(Captioned web images)

↓

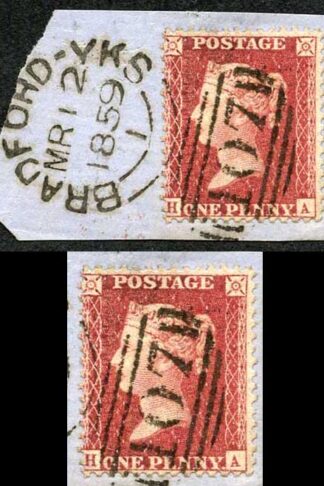 Penny Star (HA) on piece cancelled with a Bradford Sideways Duplex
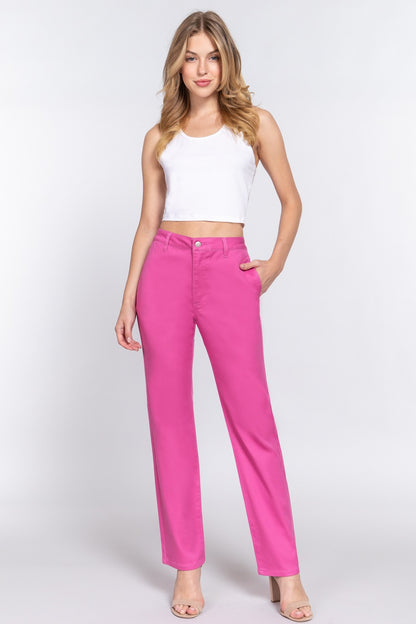 The Emily Straight Twill Pants are a versatile and stylish addition to your wardrobe. With their high-waisted design, these pants create a flattering and elongating silhouette. The straight leg cut offers a classic and timeless look that can be dressed up or down for any occasion. 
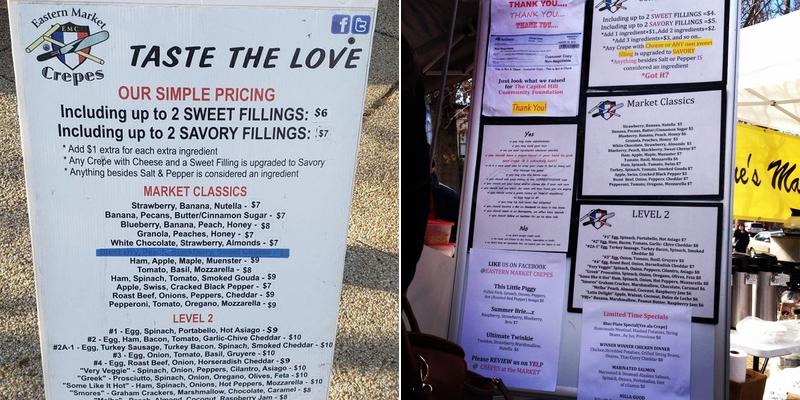 Eastern Market Crepes Menu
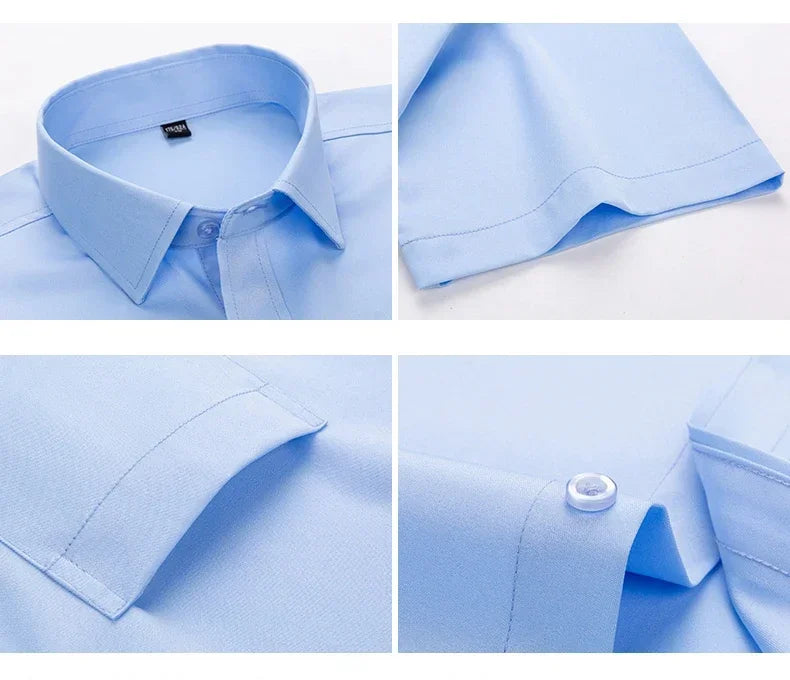 2025 Camisa de vestir antiarrugas elástica sin hierro para hombre, camisa de manga corta para hombre, Camisas sociales formales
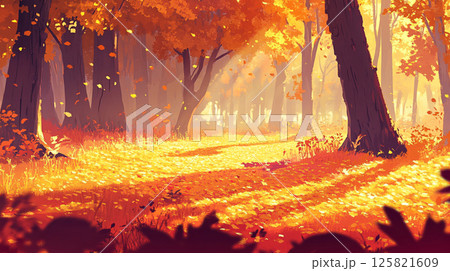 秋の森、木漏れ日と紅葉が美しい風景 125821609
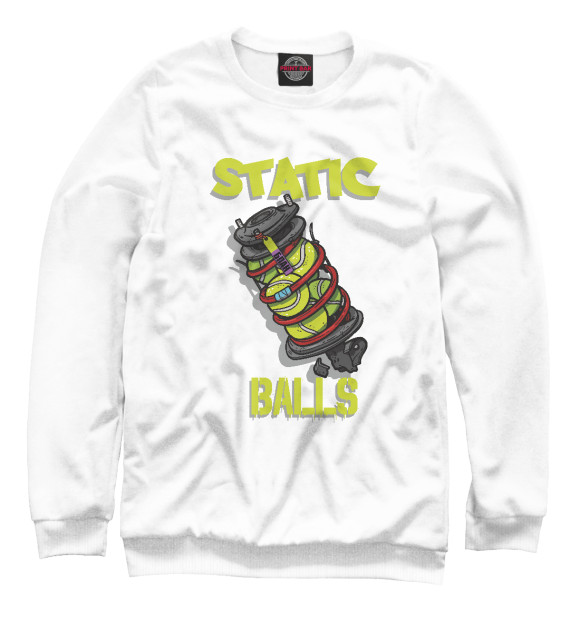 Свитшот для мальчиков с изображением Static Balls цвета Белый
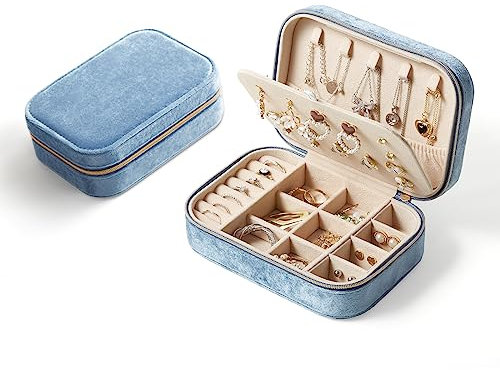 CASEGRACE Reise-Schmuckschatulle aus Plüschsamt, tragbares Schmuckkästchen für Damen und Mädchen, doppellagiger Schmuck-Organizer, Präsentationsbox für Halsketten, Ohrringe, Ringe, Armbänder,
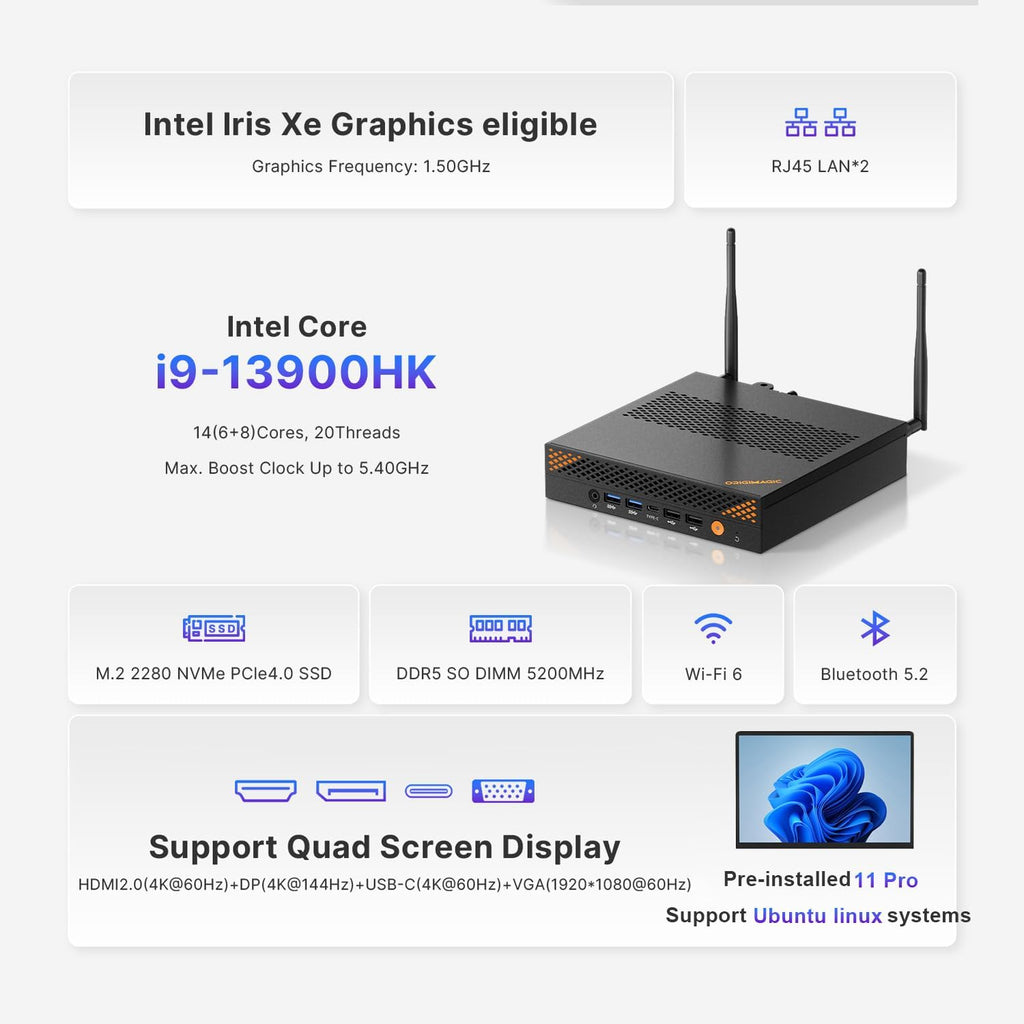 A2 Mini PC, Intel Core i9 13900HK(14C/20T, Up to 5.4GHz) Mini Desktop Computers 32GB DDR5 RAM 1TB SSD, Dual LAN, 9X USB Ports, VGA Ports, Quad Display, WiFi 6, BT 5.2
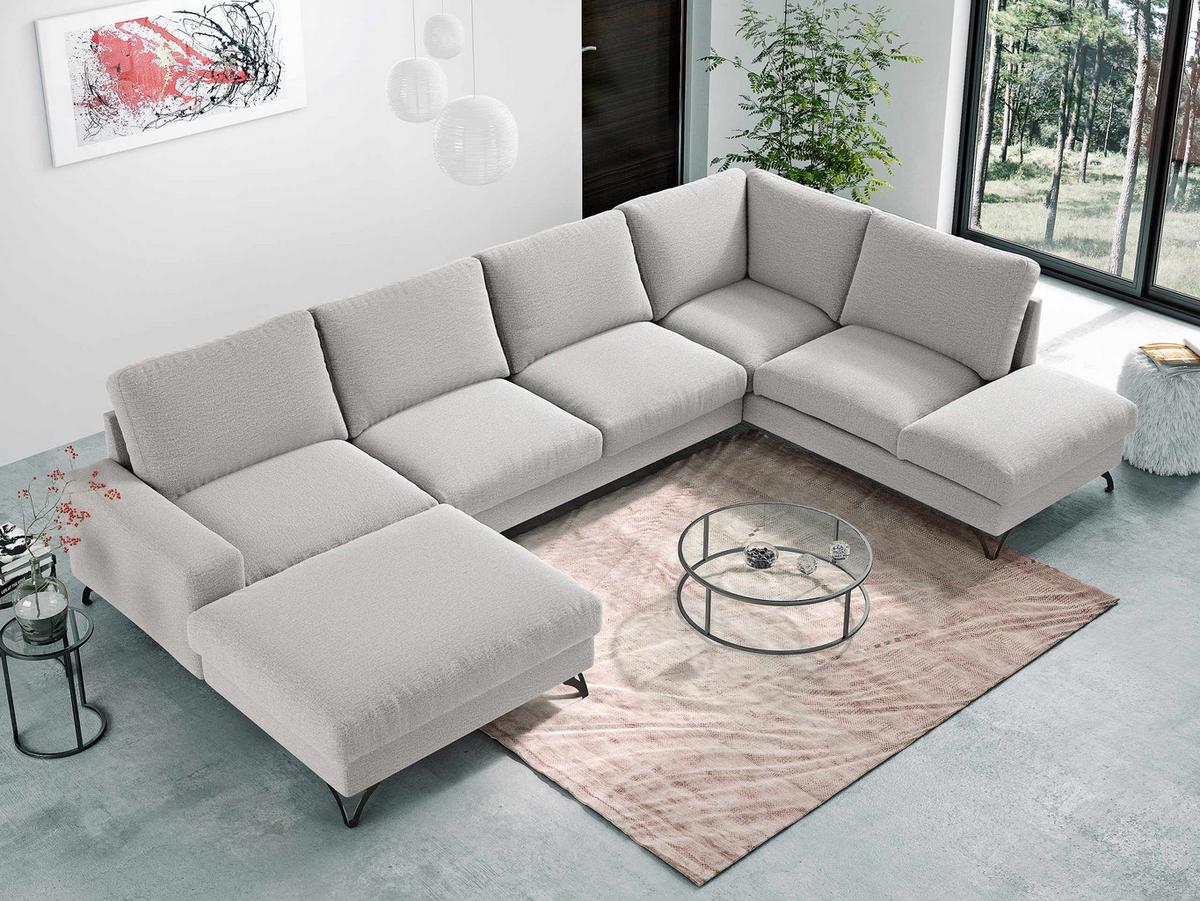 WOHNLANDSCHAFT Flavio U, Seite: Links - L1F+L2F+R3F - Kaschmir/Schwarz, Holz/Textil (367/91/214cm) - MIRJAN24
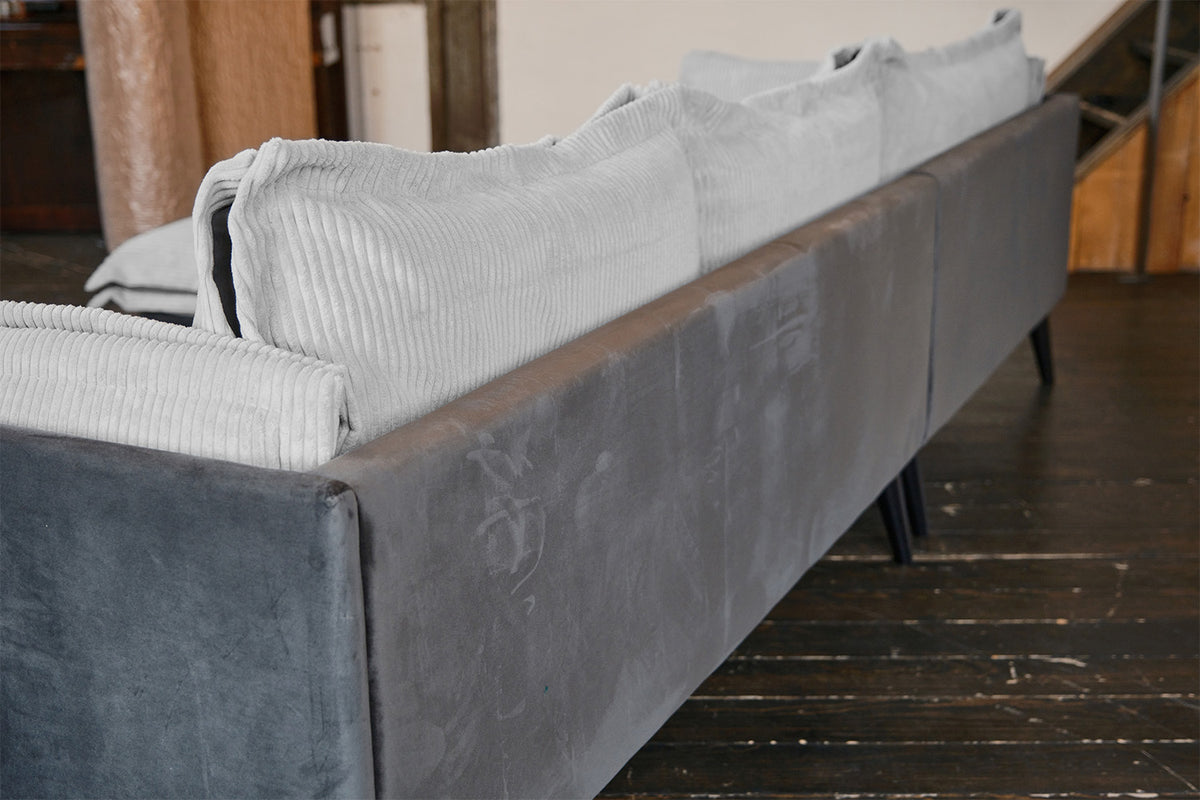 KAWOLA Sofa QUENYA Ecksofa Cord hellgrau / Velvet anthrazit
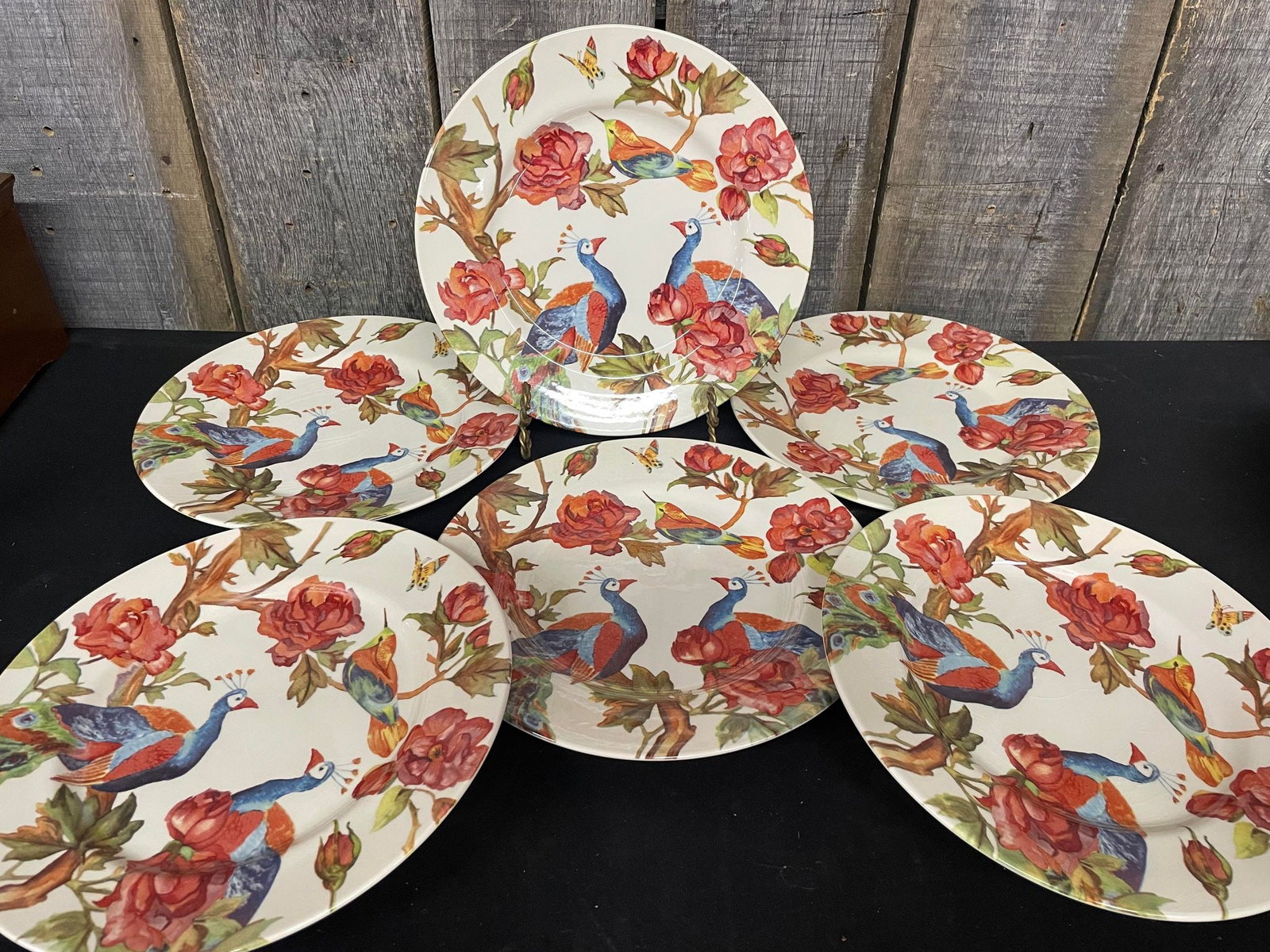 Set of 6 Andrew Tanner Majestic Peacock Salad Plates 8.75": Set of 6 Andrew Tanner Majestic Peacock Salad Plates 8.75"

↑

About this task:
Although the records above contain pictures, the copy should not; retype exactly the lines from the one containing "2025 Camisa de" through the one containing "A2 Mini PC, Intel".

Answer section:
 2025 Camisa de vestir antiarrugas elástica sin hierro para hombre, camisa de manga corta para hombre, Camisas sociales formales
 秋の森、木漏れ日と紅葉が美しい風景 125821609
 Свитшот для мальчиков с изображением Static Balls цвета Белый
 CASEGRACE Reise-Schmuckschatulle aus Plüschsamt, tragbares Schmuckkästchen für Damen und Mädchen, doppellagiger Schmuck-Organizer, Präsentationsbox für Halsketten, Ohrringe, Ringe, Armbänder,
 A2 Mini PC, Intel Core i9 13900HK(14C/20T, Up to 5.4GHz) Mini Desktop Computers 32GB DDR5 RAM 1TB SSD, Dual LAN, 9X USB Ports, VGA Ports, Quad Display, WiFi 6, BT 5.2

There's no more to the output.